BİRİ OLMADAN DİĞERİ OLMAZ: EMEKÇİLER HEM BARIŞ VE ÖZGÜRLÜK, HEM DE İNSANCA BİR YAŞAM İÇİN BİRLEŞMELİ

İki buçuk yıllık ‘çözüm süreci’ ve çatışmasızlık döneminin en çok dikkat çeken gelişmelerinden biri de, hiç kuşkusuz bölgede yıllardır savaşın gölgesinde kalmış olan işçi ve emekçilerin mücadelesinin daha yaygın ve görünür olmaya başlamasıydı. Antep’te Başpınar OSB’de binlerce tekstil işçisinin grevi, Batman ve Adıyaman’da petrol işçilerinin mücadelesi, yine Adıyaman ve Batman’daki tekstil işçilerinin kölelik koşullarına karşı örgütlenme girişimleri, Diyarbakır’da tuğla işçilerinin eylemleri, Elazığ’da maden işçilerinin mücadelesi, Hakkari’de fırın işçilerinin eylemleri ve örgütlenme mücadelesi ve Van’da İŞKUR işçilerinin aylarca süren direnişleri…  Yine bölgede pek çok ilde hastane, belediye ve üniversitelerde çalışan taşeron işçilerin örgütlenme mücadeleleri ve kamu emekçilerinin ses getiren grev ve iş bırakma eylemleri…  Bütün bu mücadeleler, bölgede emek hareketinin giderek gelişip ilerlediğini gösteren gelişmelerdi.

AKP’nin bölgeyi sermaye için ucuz iş gücü ve sömürü cenneti haline getirmek için uyguladığı politikalar büyük oranda sonuçlarını vermiş durumda.
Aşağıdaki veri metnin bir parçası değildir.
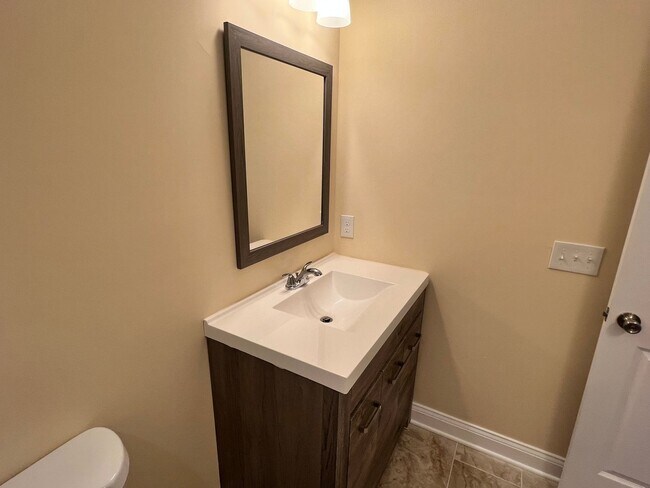 Building Photo - Stunning, Modern 4-Bed / 2.5-Bath Home for Rent – Less Than 20 Minutes to Downtown!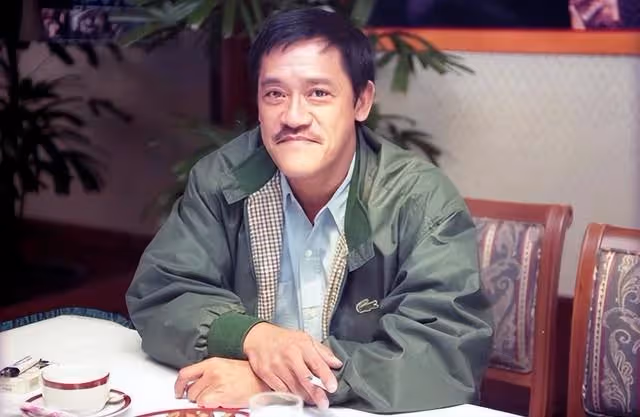 83歲演員吳耀漢去世,給家人留30億家產,最後露面滿頭白髮顯憔悴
Başta Batman, Adıyaman, Urfa ve Van gibi kentler olmak üzere, on binlerce işçi tekstil, gıda, maden gibi işkollarında asgari ücretin bile çok altında, günde 10-12 saat,bütün sosyal haklardan mahrum, kölelik koşullarında çalıştırılıyor. Van’da olduğu gibi, geçici mevsimlik işlerde yılda birkaç aylığına asgari ücretle çalıştırılmak için işe girmek isteyen bölgedeki on binlerce işsizin çaresiz durumu bile AKP tarafından İŞ-KUR üzerinden ahlaksızca istismar ediliyor.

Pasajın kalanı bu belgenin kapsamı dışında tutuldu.